# No way this can be done



## brm1109 (Sep 17, 2012)

I am sorry but if you can accomplish this then every pipe in the house will probably burst because they will not be done properly.

Looking for someone experienced in Reo and 
P&P work. Will need to complete 10-15 winterizations 
Per day. Must have a vehicle and most supplies. 
Please reply ASAP!!


----------



## JFMURFY (Sep 16, 2012)

brm1109 said:


> I am sorry but if you can accomplish this then every pipe in the house will probably burst because they will not be done properly.
> 
> Looking for someone experienced in Reo and
> P&P work. Will need to complete 10-15 winterizations
> ...


Where are they... Florida.

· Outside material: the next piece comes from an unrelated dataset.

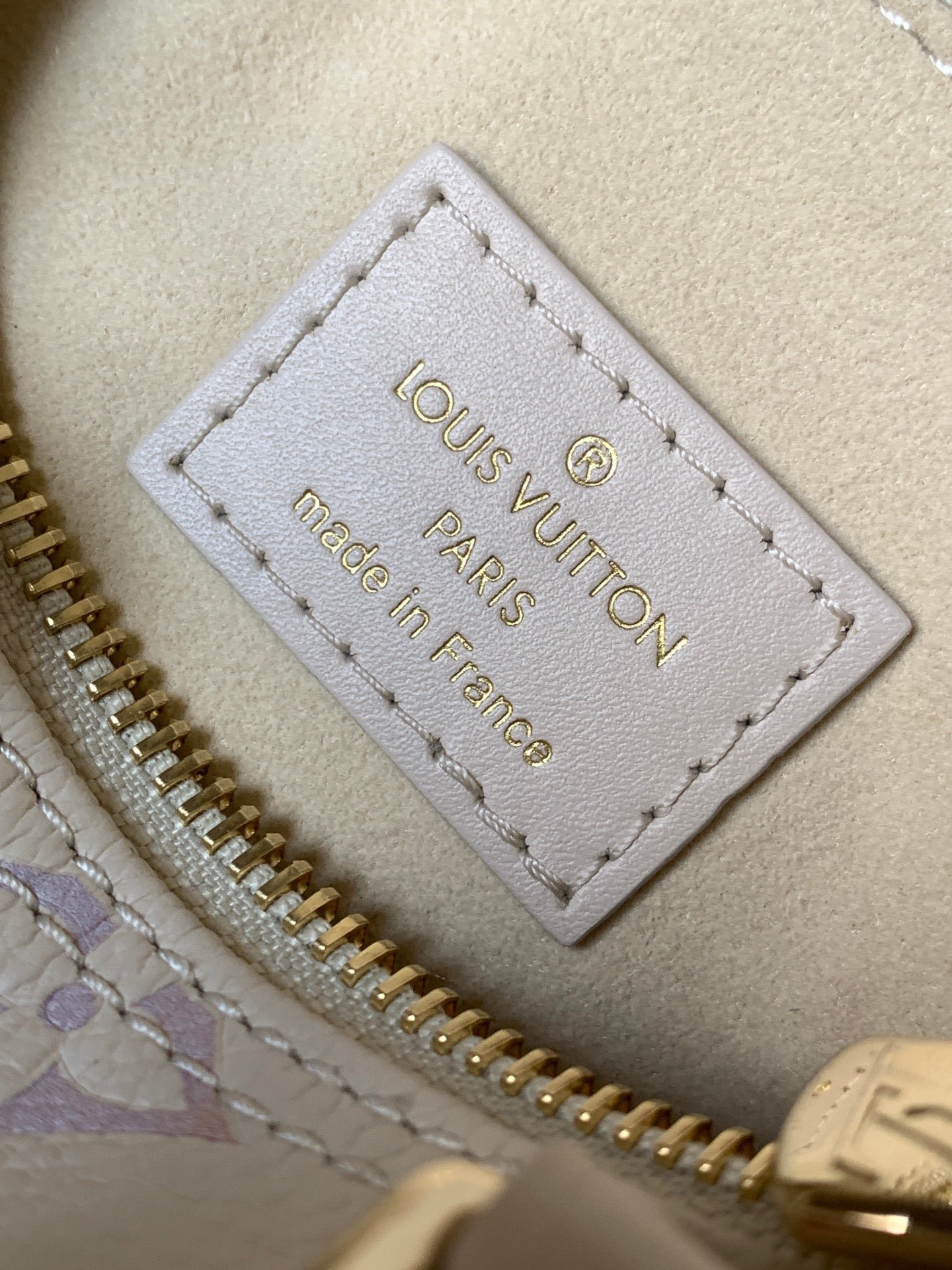 {Style No: 1DU5CKRH} LV 25S NANO SPEEDY 16 IN BEIGE DREAM EMBOSSED TEXTURED CALFSKIN - Image 9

It takes me 3 hours for a wet system here in the North East... That is funny... like the one fella said... written by a cubicle bunny.


----------



## thanohano44 (Aug 5, 2012)

brm1109 said:


> I am sorry but if you can accomplish this then every pipe in the house will probably burst because they will not be done properly.
> 
> Looking for someone experienced in Reo and
> P&P work. Will need to complete 10-15 winterizations
> ...


Very true. Please reply ASAP, they want you more than you want them.


----------



## HollandPPC (Sep 22, 2012)

brm1109 said:


> I am sorry but if you can accomplish this then every pipe in the house will probably burst because they will not be done properly.
> 
> Looking for someone experienced in Reo and
> P&P work. Will need to complete 10-15 winterizations
> ...


If you are just pouring antifreeze down traps like homeboy put in earlier posts I can do like 50 in a day. I got cases of pink kool aid mix ready to go. 


View attachment 77795


----------



## Guest (Sep 11, 2012)

Well at least you pre mix yours. I qc'done last year and the dufus left the friggin packet right on the bathroom floor. Genius.




HollandPPC said:


> If you are just pouring antifreeze down traps like homeboy put in earlier posts I can do like 50 in a day. I got cases of pink kool aid mix ready to go.
> 
> 
> View attachment 77795


----------



## Guest (Sep 11, 2012)

P3+ said:


> Well at least you pre mix yours. I qc'done last year and the dufus left the friggin packet right on the bathroom floor. Genius.


Seems that would make for an interesting "during" picture.


----------



## BPWY (Apr 12, 2012)

I saw a "wint" order for a friend today.

I swear to god it didn't say a word about blowing the lines.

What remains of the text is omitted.